Caminhei alguns metros na neve e cheguei na porta de casa. Entrei, joguei o casaco na entrada e fui direto para o meu quarto. Me deitei na cama do jeito que estava. Meu corpo parecia pesar muito mais do que realmente pesava.
Os primeiros raios de sol da manha tocavam suavemente meu rosto. Praguejei internamente e olhei para o despertador na minha mesa. Era segunda feira e tinha que ir para aula, e eu ainda estava um caco da noite anterior. Não me lembro sequer de quando eu caí no sono, só tinha consciência de que tinha que me apressar. Enquanto calçava minhas botas, olhei para a maleta prateada que eu jogara na noite anterior próximo a mesa de cabeceira. Terminei de me calçar, e levei a mala para o escritório do vovô. Debaixo das enciclopédias, havia um cofre secreto. Não havia nada além de poeira, mas agora me serviria muito bem, já que apenas eu sabia a combinação. Escondi a prova dos meus pecados na velha caixa de metal maciço, e fui para a escola.
No caminho, o simpático M. Roméo me cumprimentou. Ele estava tirando os resquícios de neve da frente de sua adorável padaria. O cheiro de pão e todo tipo de guloseimas inundava toda a rua, e Roméo era muito querido por todos, inclusive por meu avô. Os dois eram grandes amigos. Ao me ver, o velho francês me perguntou:
- Não vai comer nada hoje rapaz?
- Não, estou um pouco atrasado. - Respondo tentando soar simpático.
- Nunca estamos atrasados o suficiente para um bom croissant. Espere um minuto. - E Roméo entra alegremente em sua padaria. Ele volta com um saquinho marrom nas mãos.
- Tome rapaz. Coma quando puder. -Ele me oferece o saquinho, que continha um croissant quentinho, com um aroma muito agradável.
- Obrigado M. Roméo, mas estou sem dinheiro.
- Deixe disso rapaz. É cortesia da casa, é pela grande amizade que eu tinha com seu avô.Sorrio cordialmente e me despeço. Em cinco minutos, chego na escola.

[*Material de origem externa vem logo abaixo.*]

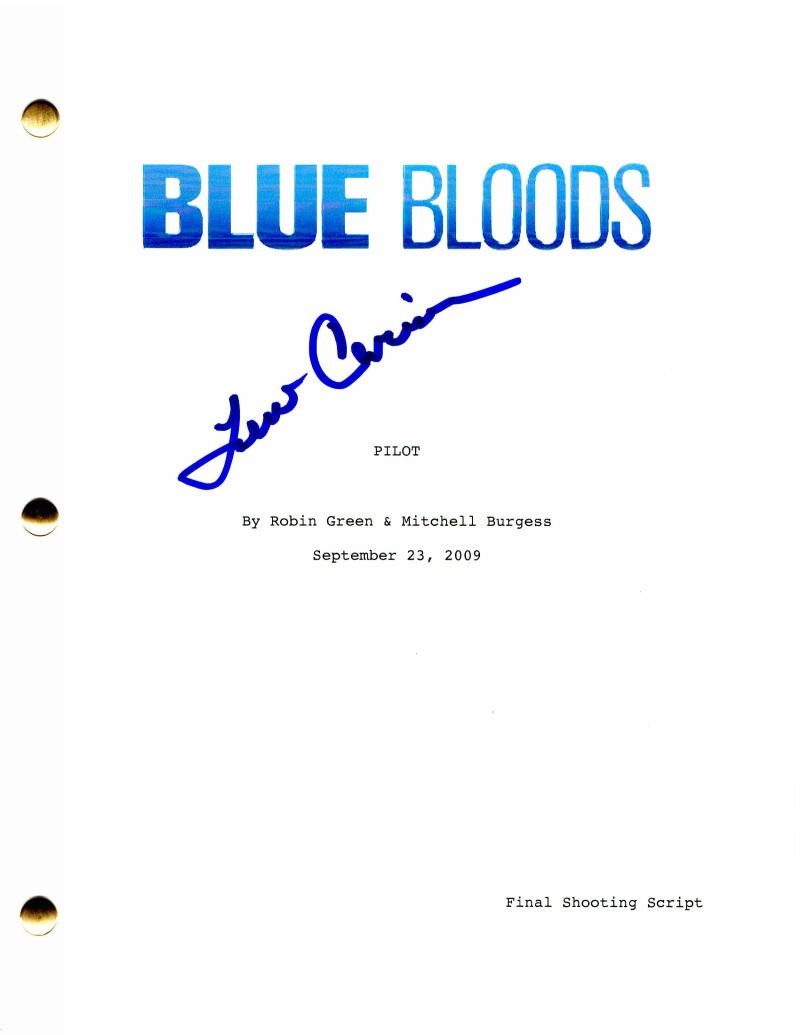 LEN CARIOU SIGNED AUTOGRAPH - BLUE BLOODS PILOT SCRIPT - TOM SELLECK, WAHLBERG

Após a aula de matemática, vou para biblioteca, onde encontro o velho Finn, em sua tradicional leitura matinal das notícias canadenses. Aproveitei que a biblioteca estava vazia para pormos a conversa em dia. Adorávamos conversar sobre literatura, e acidamente falar todo tipo de bobagem sobre os autores. Parecíamos duas branquelas americanas julgando as divas do pop, mas em uma versão mais erudita. Era divertido e me desprendia um pouco da realidade. Contudo, o clima jovial-arcaico foi interrompido quando Finn proferiu o seguinte:
- Tive um sonho esquisito com você ontem a noite.
- Hum. Meu avô costumava dizer que sonhar com alguém da nossa família era um mal presságio. - Os dois caem na gargalhada.
- Mas é sério. Foi um sonho esquisito. Sonhei que estava no Niágara, e que sua voz me dava alguns comandos esquisitos...Fiquei totalmente sem reação. Será que o método tinha falhado? Tentei contornar o assunto, mas como Finn não era bobo, logo começou a questionar.
- Você tem algo a ver com isso, não é?
- Não cara, isso deve ter sido uma reação a nossa convivência misturada com anseios do seu subconsciente. - Disse a frase intercalada com gargalhadas, em uma falha tentativa de disfarçar o que estava acontecendo.
- Hum, onde você viu isso? Naquele livro de capa de couro que você carrega na bolsa?Xinguei Finn mentalmente naquele momento. Xeque mate, ele tinha vencido. O desgraçado era esperto demais até pra mim. Tentei, mais uma vez, trocar de assunto pagando de vitimismo:
- Você estava lendo? Aquilo era extremamente pessoal! Você não tinha nenhum direito!!!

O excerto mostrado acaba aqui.